“This issue is on the agenda within the framework of contingency planning for the security of Turkey and NATO territories. Turkey is going to apply NATO to deploy Patriot missiles in the upcoming days,” a diplomatic source told Today's Zaman, confirming a German report without elaborating on the exact day of Ankara's request.
The Munich-based daily Süddeutsche Zeitung reported on Saturday that Turkey, which is sheltering more than 100,000 Syrian refugees and exchanged rocket fire with Syria's military, is scheduled to make its formal request to NATO on Monday.

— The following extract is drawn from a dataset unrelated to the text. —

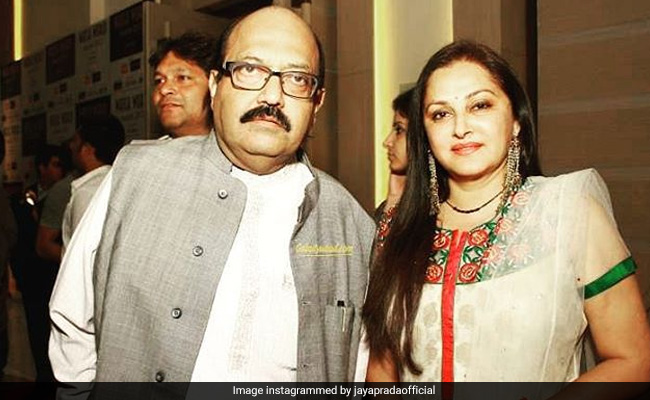 अमर सिंह के निधन पर गम में डूबीं जया प्रदा ने लिखी पोस्ट, बोलीं- हमें छोड़ कर कैसे जा सकते हैं...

The Turkish diplomatic source also said that Ankara's goal is to get NATO's support for the deployment of the missiles on its border with Syria to create a de facto buffer zone against possible threats from its southern neighbor. “Our target is to get the support of NATO, Turkey's ally.”
Turkey has not yet made an official request to the alliance for the missile deployment, but the United States expressed its support for the positioning of Patriot missiles along Turkey's border with Syria.
“They have asked that we work with them to try to see what we can do to give them some missile defense capability. And we are working with them. And our hope is that we can help provide that kind of assistance,” US Defense Secretary Leon Panetta said during an interview with Voice of America (VOA) on Thursday, adding that the talks and consultations between Washington and Ankara are ongoing.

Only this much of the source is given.